*Exercise requirements:* Across the data, every line with the word "Black" counts once; state the total alone.

*Input data:*
________________________
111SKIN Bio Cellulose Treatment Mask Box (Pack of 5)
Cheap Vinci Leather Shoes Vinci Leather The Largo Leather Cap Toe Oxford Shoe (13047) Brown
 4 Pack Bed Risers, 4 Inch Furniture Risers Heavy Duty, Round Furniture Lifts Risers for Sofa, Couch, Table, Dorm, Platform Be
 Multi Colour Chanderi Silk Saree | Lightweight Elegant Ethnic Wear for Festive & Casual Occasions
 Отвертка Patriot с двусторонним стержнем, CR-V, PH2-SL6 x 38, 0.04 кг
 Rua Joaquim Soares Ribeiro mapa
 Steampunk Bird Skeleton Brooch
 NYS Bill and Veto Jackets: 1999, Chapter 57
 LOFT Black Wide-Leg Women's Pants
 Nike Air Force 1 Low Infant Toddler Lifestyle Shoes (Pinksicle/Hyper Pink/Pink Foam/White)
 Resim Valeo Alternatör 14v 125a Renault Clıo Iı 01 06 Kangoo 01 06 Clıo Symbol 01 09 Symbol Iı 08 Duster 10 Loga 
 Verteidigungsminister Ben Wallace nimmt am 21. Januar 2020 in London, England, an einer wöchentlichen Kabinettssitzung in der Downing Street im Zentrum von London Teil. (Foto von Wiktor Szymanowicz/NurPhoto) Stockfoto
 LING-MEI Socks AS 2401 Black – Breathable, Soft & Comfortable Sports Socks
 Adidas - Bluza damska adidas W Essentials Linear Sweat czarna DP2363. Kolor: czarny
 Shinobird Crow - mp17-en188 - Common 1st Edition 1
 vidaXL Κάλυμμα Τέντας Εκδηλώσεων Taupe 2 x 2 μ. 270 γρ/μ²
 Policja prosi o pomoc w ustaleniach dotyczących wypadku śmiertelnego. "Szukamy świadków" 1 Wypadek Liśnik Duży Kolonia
________________________
*Result of this exercise:* 2